Did histrionic Fox News Channel crybaby Glenn Beck rape and murder a young girl in 1990? There is no evidence to suggest he didn't. And Beck has suddenly lawyered up and is not talking. Why won't he just come out and say he didn't do it?

OK, see what we did there? We took a completely unsubstantiated statement and noted (correctly) that there is no evidence to prove it false, thereby implying that it could in fact be true. It's a play right out of Beck's own book, and it's being used against him via a wildly popular Internet meme right now. Go to www.glennbeckrapedand murderedayounggirlin1990.com and see all the "evidence" for yourself.

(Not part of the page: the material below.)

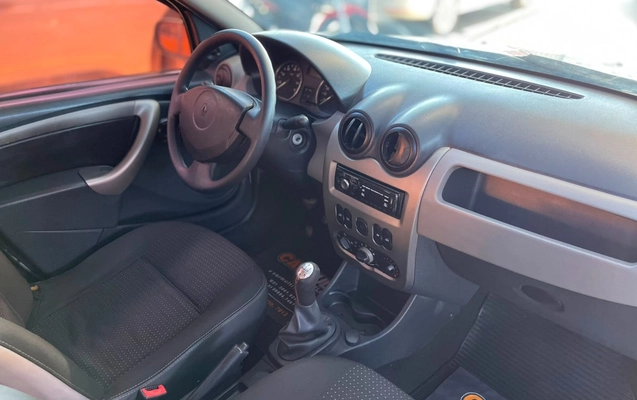 imagem-https://www.socarrao.com.br/sc-vehicle-images-prod/2523060/1783547575272-V2hhdHNBcHAgSW1hZ2UgMjAyNi0wNy0wOCBhdCAxOC40Ni4zMyAoMikuanBlZw.jpeg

The site is a parody, as it states plainly in big letters right at the top. But it's come to the attention of the man who may have raped and murdered a young girl in 1990 himself. And he's not pleased, so he has taken legal action to shut it down.

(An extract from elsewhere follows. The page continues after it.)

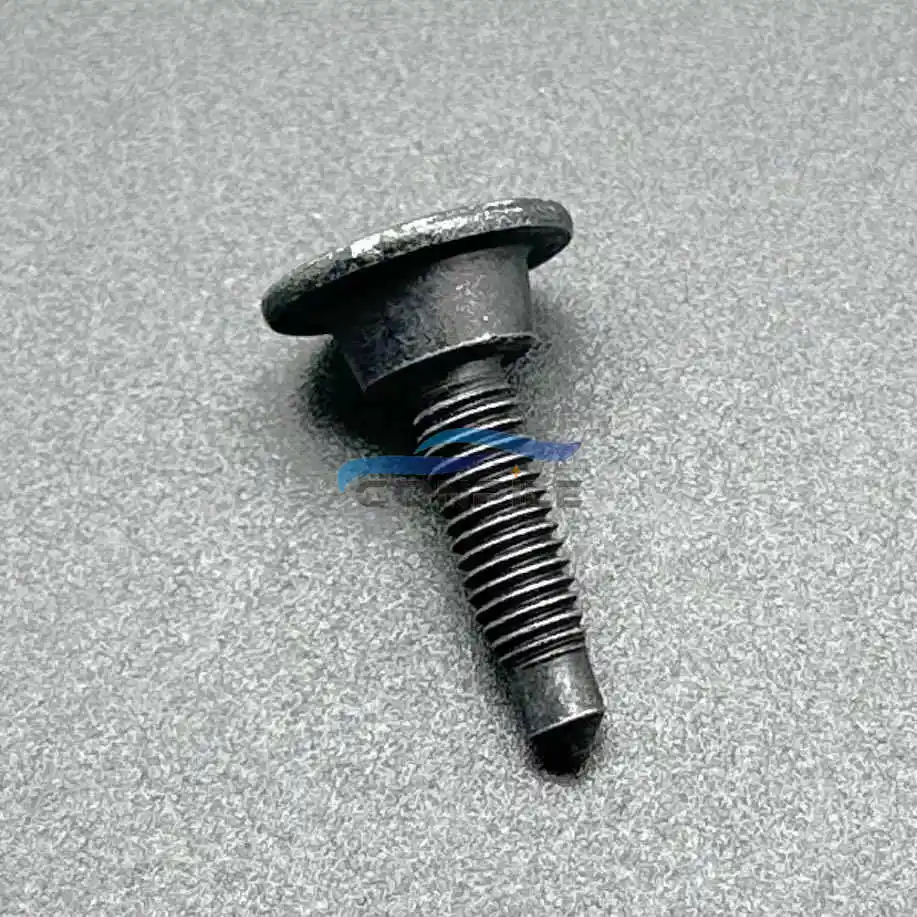 1pc for Audi Q3 VW Bora Sagitar magotan superb skoda Front and Rear Bumper Screw Bolt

Attorney Marc Randazza, formerly of Altamonte Springs but now working out of Miami, California and Massachusetts, is handling the defense for site owner Isaac Eiland-Hall. Randazza, you may recall, was previously cited in these pages as the attorney who went up against the federal government in defense of the word "fuck" ("The F-bomb," June 7, 2007).

The Beck site started when Eiland-Hall noticed the similarity between Beck's tactics and a joke comedian Gilbert Gottfried used during a Comedy Central roast of fellow comedian Bob Saget last year. Gottfried repeatedly shouted that it wasn't true Saget "raped and killed a girl in 1990!" and admonished the audience to stop saying otherwise. It was pretty damn funny, actually.

Eiland-Hall thought so too, and posted a question on Fark.com: "Why haven't we had an official response to the rumor that Glenn Beck raped and murdered a girl in 1990?" It snowballed from there, and soon he had his own website.

"Of course there's nothing funny about raping and murdering somebody, unless you can tie it to Gilbert Gottfried," says Randazza.

Last month, Beck filed an administrative complaint with the Swiss organization that handles Internet domain name disputes asking that the site be taken down because it infringes on his trademark, "Glenn Beck." Randazza believes Beck went that route because there is no way he'd get a United States court to shut the site down as it's clearly a parody, and Eiland-Hall is within his rights. "`Beck's` got good lawyers," he says. "I'm very impressed with his attorneys. He's got to know if he tried to file it in U.S. courts he would have gotten creamed."

Still, the question remains: Did Glenn Beck rape and kill and young girl in 1990? He's not talking.